Hung Liu, Working Women: Millstone

Hung Liu, Working Women: Millstone, 1999, Color softground and spitbite aquatint etching with scrape and burnish, Polk Museum of Art Permanent Collection 2007. 9.2, Purchased through the Art Resource Trust © Hung Liu

Hung Liu, Working Women: Millstone, 1999, Color softground and spitbite aquatint etching with scrape and burnish, Polk Museum of Art Permanent Collection 2007. 9.2, Purchased through the Art Resource Trust © Hung Liu

Taxdal Gallery

January 11 - April 16, 2017

Hung Liu was born in Changchun, China in 1948. She grew up in Beijing during the time Chairman Mao and the People’s Republic of China. During the Cultural Revolution, she was assigned to work with peasant farmers who became the subject for many of her early photographs and drawings. Liu eventually enrolled at the Revolutionary Entertainment Department of Beijing's Teachers College to study art and education. After graduating in 1975 she began teaching art at an elite Beijing school, Jing Shan, but later attended the Central Academy of Fine Arts where she majored in mural painting. In 1980 she began studies in the visual arts program at the University of California, San Diego.
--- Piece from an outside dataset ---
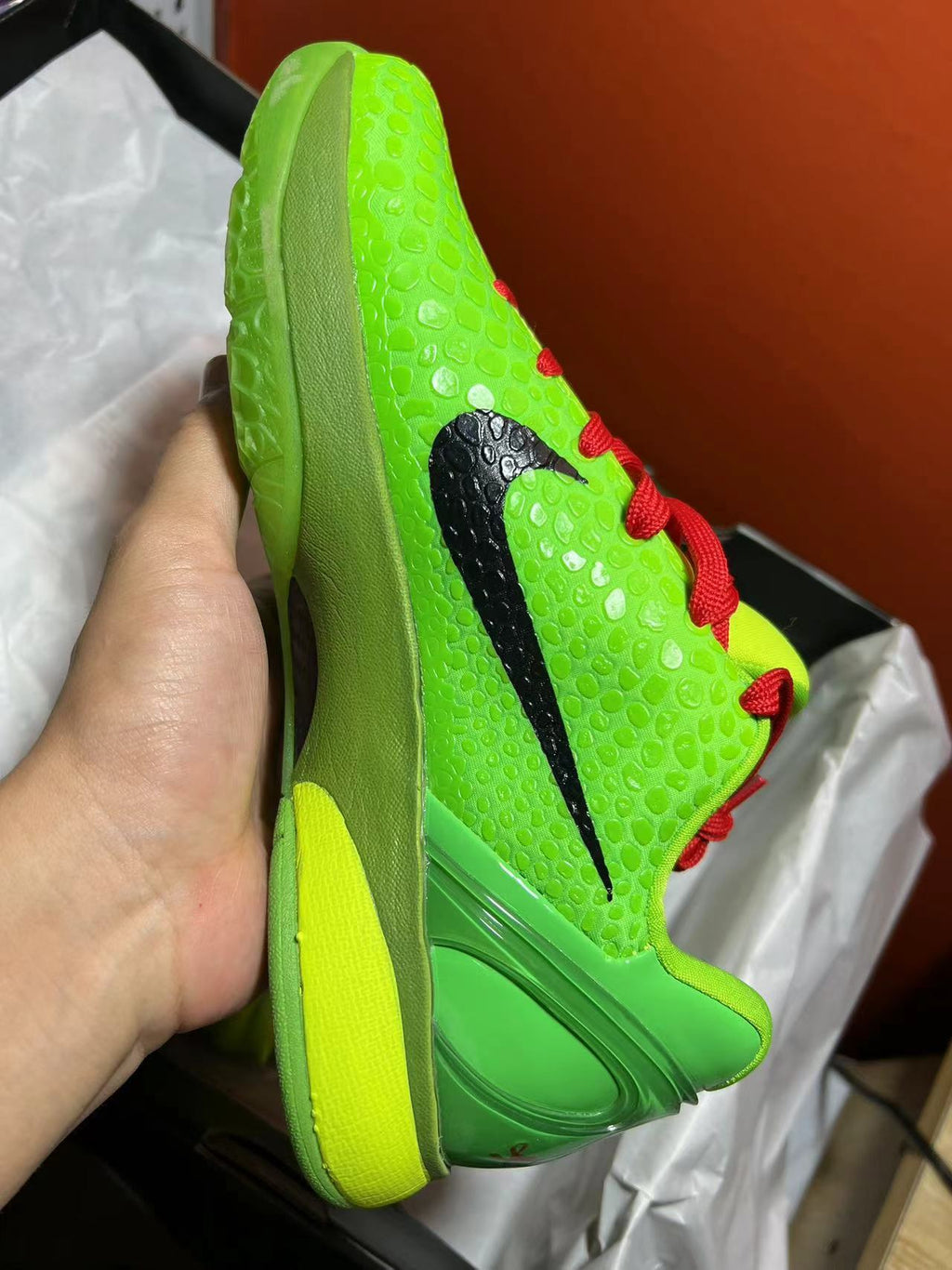 Kobe’s green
This particular print references the pivotal, yet often overlooked, role women played in traditional Chinese culture. It is one of several tributes by Liu to the manual labor performed by women throughout China’s history, but especially during the Cultural Revolution. She chose the mundane act of milling and left the laborers anonymous in order to emphasize the universality of the scene. One of Liu’s primary intentions behind works such as Working Women: Millstone is to explore the conflicts between personal and national identity.